This project aims not only at direct research, but also is creating modeling and simulation tools
that other researchers, educators, and students can use through NanoHUB, a TeraGrid Science
Gateway, designed to make doing research on the TeraGrid easier. The PI likens the situation
to making computation as easy as making phone calls or driving cars, without being a telephone
technician or an auto mechanic. Overall, nanoHUB.org is hosting more than 90 simulation tools,
with more than 6,200 users who ran more than 300,000 simulations in 2008. The hosted codes
range in computational intensity from very lightweight to extremely intensive, such as NEMO 3-
D and OMEN. The nanoHUB.org site has more than 68,000 users in 172 countries, with a
system uptime of more than 99.4-percent. More than 44 classes used the resource for teaching.
According to Klimeck, it has become an infrastructure people rely on for day-to-day operations.
nanoHUB plans on being among the early testers for the metascheduling capabilities currently
being developed by the TeraGrid, since interactivity and reliability are high priorities for
nanoHUB users. The Purdue team is also looking at additional communities that might benefit
from the use of HUB technology and TeraGrid. The Cancer Care Engineering HUB is one such
community.
4.2.15 Atmospheric Sciences (LEAD), PI Kelvin Droegemeier, University of Oklahoma
In preparation for the spring 2008 Weather Challenge, involving 67 universities, the LEAD team
and TeraGrid began a very intensive and extended ―gateway-debug‖ activity involving Globus
developers, TeraGrid resource provider (RP) system administrators and the TeraGrid GIG
software integration and gateway teams. Extensive testing and evaluation of GRAM, GridFTP,
and RFT were conducted on an early CTSS V4 testbed especially tuned for stability. The
massive debugging efforts laid the foundation for improvements in reliability and scalability of
TeraGrid’s grid middleware for all gateways. A comprehensive analysis of job submission
scenarios simulating multiple gateways will be used to conduct a scalability and reliability
analysis of WS GRAM. The LEAD team also participated in the NOAA Hazardous Weather
Testbed Spring 2008 severe weather forecasts.
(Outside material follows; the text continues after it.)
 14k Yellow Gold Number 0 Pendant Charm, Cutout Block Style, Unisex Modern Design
High resolution on demand and urgent
computing weather forecasts will enable scientists study complex weather phenomenon in near
real-time.




                                               4-12
TeraGrid Extension: Bridging to XD


A pilot program with Campus Weather Service (CWS) groups from atmospheric science
departments from universities across the country. Millersville University and University of
Oklahoma CWS users have been predicting local weather in 3 shifts per day with 5km, 4km and
2km forecast resolutions computing on Big Red and archiving on the IU Data Capacitor.
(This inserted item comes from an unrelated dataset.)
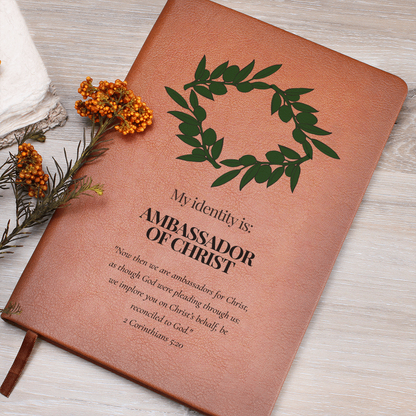 Ambassador of Christ Leather Journal – Olive Wreath Christian Notebook - FREE Shipping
Development of reusable LEAD tools continues. The team is supporting the OGCE released
components – Application Factory, Registry Services and Workflow Tools. TeraGrid supporters
have generalized, packaged and tested the notification system and personal metadata catalog
to prepare for an OGCE release to be used by gateway community and will provide workflow
support to integrate with the Apache ODE workflow enactment engine.
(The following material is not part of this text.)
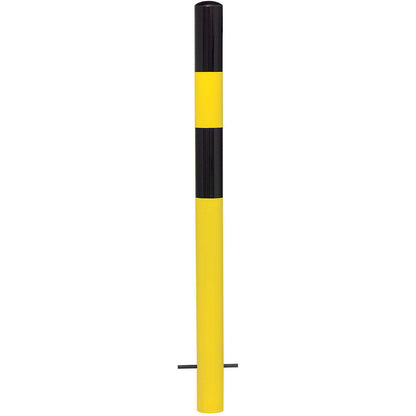 Bollard Morion, for setting in concrete, Ø 90 mm, painted black/yellow.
4.3      Advanced Capabilities Enabling Science
The transformative science examples in §D2 are enabled by the coordinated efforts of the
TeraGrid (TG) project. The TG advanced capabilities (those delivered to the user community
above simple access to computer cycles) are developed based on existing and expected user
needs. These needs are determined from direct contact with users, surveys, discussions with
potential users, and collaborations with other CI projects. TG uses projects that express interest
in a CI need as test users of that capability. In other cases, such as for advanced user support,
where there is more need for a capability than we can deliver, we use the allocations process to
recieve recommendations on where we should apply our efforts. All the projects described in
§D2 are driving or using TeraGrid advanced capabilities, and will continue to do so during the
extension period, in order to obtain the best possible science results. We will support new data
capabilities as a central component of whole new forms of data-intensive research, especially in
combination with advanced visualization and community interfaces such as those supported by
the gateways efforts. We will continue to enhance these advanced capabilities in a collaborative
context, with TG staff bringing their expertise to bear on user needs to improve the experiences
of current users of TeraGrid, and to help develop the new generation of XD users.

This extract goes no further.